Ariel Pink’s Haunted Graffiti – Mature Themes



Ariel Pink definitely isn’t for everyone. While I’m a subscriber to the “eccentric genius” school of thought surrounding him, I totally respect those who think, “Who is this dude, what’s he on, and why hasn’t he taken a shower?” Pink is, after all, the guy who stood onstage at Coachella refusing to sing as his band played on without him, entirely unfazed. But one thing is undeniable: Pink is a talented (and very prolific) songwriter. On Mature Themes, his ninth album in ten years, his love for corrupted ’70s pop is as obvious as ever. In terms of accessibility, however, the work is a step backwards from 2010’s Before Today, recapturing the famous lo-fi sound of his early releases. His signature humor is back as well, as evidenced by mid-album oddity “Schnitzel Boogie.” The standout track is closer “Baby,” a cover of a mostly forgotten 1979 song by an Osmonds-style brother band. It’s beautifully tender. But be warned—this album isn’t for those who don’t want to hear a grown man sing an entire song about schnitzel.


Fiona Apple – The Idler Wheel…


If you missed the return of Fiona Apple, you must have spent the summer under a very big rock. Her new release, whose full title is The Idler Wheel is Wiser Than the Driver of the Screw and Whipping Chords Will Serve You More Than Ropes Will Ever Do (phew) is an entirely acoustic effort that’s achingly honest. She slides effortlessly between genres, incorporating jazz vocals and world-music percussion in a way that’s always pleasantly surprising and never feels forced. And though it’s the highly-anticipated fourth album of an incredibly well-established artist whose fans are legion, The Idler Wheel isn’t only for the initiated. It was the first Fiona Apple album I’ve ever listened to, and it served as a great introduction to her back catalogue.

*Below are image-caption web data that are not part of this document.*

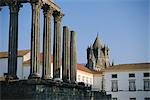 Roman temple et la cathédrale, Évora, Alentejo, Portugal, Europe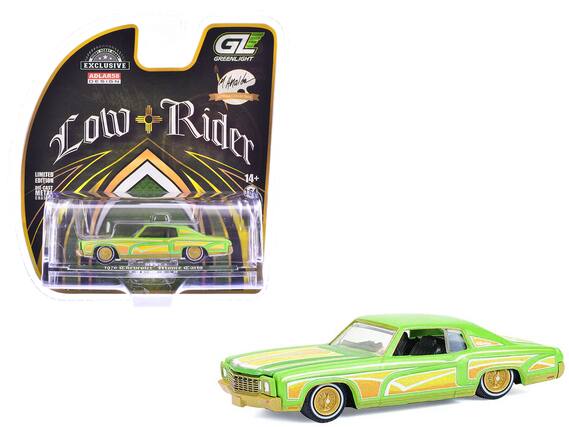 Sure, here is the corrected and grouped text from the image:
---
**Greenlight Exclusive**
**Adlar58 Design**
**Low Rider**
**14+**
**1:64**
**Limited Edition**
**Die-Cast**
**1970 Chevrolet Monte Carlo**
**Artisan Collection**
**M. Almond**
**Greenlight**
**1:64**
---
This text is organized to reflect the information presented on the packaging and the car model.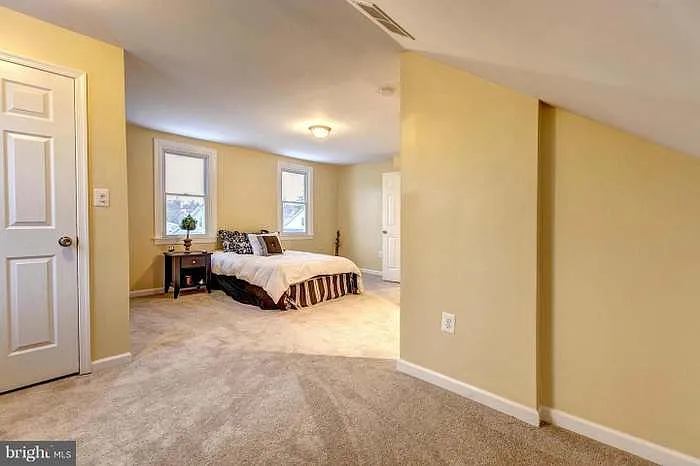 2305 Hamilton Ave — Photo 11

The Tallest Man on Earth – There’s No Leaving Now


It’s impossible to dislike Kristian Matsson, AKA the Tallest Man on Earth. His music is just too pretty, too appealing to the secret folkie in all of us. His third LP finds Matsson transitioning. The songs are still instantly recognizable as his—who could miss that choked, nasal voice that’s inspired a thousand Dylan comparisons—but There’s No Leaving Now is far more expansive than his earlier efforts, incorporating broader instrumentation and a backing band. It’s a big change for an artist who occasionally sounded like a bedroom musician, but as always, Matsson pulls it off with easy grace.